= Grenland =

Former district in Telemark county, Norway

Grenland is a traditional district in Telemark county, in the south-east of Norway. "Grenland" has referred to varying locations throughout history. In modern times, Grenland refers to the areas of the municipalities of Skien, Porsgrunn, Bamble, and Siljan. Sometimes Kragerø Municipality and Drangedal Municipality are also considered to be part of the area. The region encompasses 1794 km2 and has 122,978 inhabitants (2004), which translates as 12% of the area and 64% of the population of Telemark.

Grenland is the core area of a slightly larger traditional district known as Nedre Telemark ("Lower Telemark") which includes all of Grenland plus Midt-Telemark Municipality and the Heddal area of Notodden Municipality.

Grenland is also used as the name of an urban agglomeration consisting of the cities of Skien and Porsgrunn.

Areas that are part of Grenland
| Municipality | Population | Area (km^{2}) | Density (pop. per km^{2}) |
|---|---|---|---|
| Skien Municipality | 55,513 | 779 | 77 |
| Porsgrunn Municipality | 36,624 | 164 | 228 |
| Bamble Municipality | 14,056 | 304 | 50 |
| Siljan Municipality | 2,349 | 214 | 12 |
| Drangedal Municipality | 4,093 | 1063 | 4 |
| Kragerø Municipality | 10,351 | 305 | 36 |
| Total | 122,986 | 2,615 | 47 |

==History==
In the early Viking Age, before Harald Fairhair, Grenland was a petty kingdom. Originally Grenland was probably the name of the region surrounding the lake Norsjø in Nedre Telemark.
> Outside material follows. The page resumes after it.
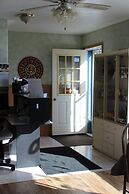 Raval Paradise Motel & RV Park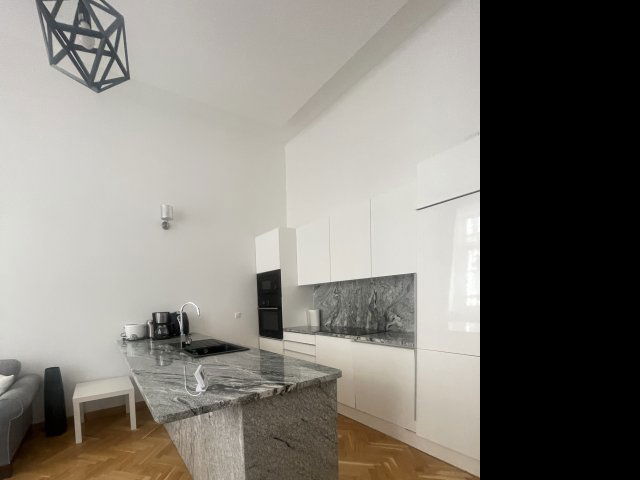 Eladó téglalakás, Budapesten, VI. kerületben 99.9 M Ft, 3 szobás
Grenland was located within the old Grænafylket (or Grenafylket) county which contained all of Grenland plus the coastal region known as Vestmar.

Vestmar is assumed to signify the land to the west of the sea (mar), however sea in this case should be interpreted as fjord, i.e. Langesundsfjorden. Vestmar was described as a county already in the 8th century AD.

The name Grenland is derived from a people, the Grener, i.e. "the land of the Grener". It is mentioned as a Gothic nation by Jordanes in his work Getica from about 551 AD: "Sunt quamquam et horum positura Granii, Agadii, Eunixi, Thelae, Rugi, Harothi, Ranii." (Getica, III:24)

===20th century===
During the period of the municipality mergers in Norway, the chief administrative officer (fylkesmann) in Telemark proposed that the municipalities Skien, Solum, Gjerpen, Porsgrunn, Eidanger and Brevik be merged to form a large urban municipality centered on Skien. The municipalities had been closely integrated since the establishment of the Hydro factory at Herøya, and conurbation between the settlements was also significant.

However, the idea was opposed by Solum as well as Porsgrunn, Eidanger and Brevik and soon fell out of grace. Eidanger proposed a merger with Brevik and Porsgrunn, and the enlarged Porsgrunn municipality was finally created on 1 January 1964. Brevik lost its city status in the process. In light of this merger, the central authorities saw only one possible solution; a similar merger between Solum, Gjerpen and Skien. Unlike the first proposal, this was met by protests from Gjerpen - to no avail, as the case went to the Norwegian Parliament. The result was a significantly enlarged Skien municipality. On 1 January 1968 an area from the old Gjerpen and Solum municipalities with 3,554 inhabitants was moved to Porsgrunn.

In addition, the urban municipalities of Langesund and Stathelle were incorporated into the rural Bamble Municipality. Like Brevik, both Langesund and Stathelle lost their city status. Siljan municipality remained unaffected by the mergers, contrary to the initial expectations.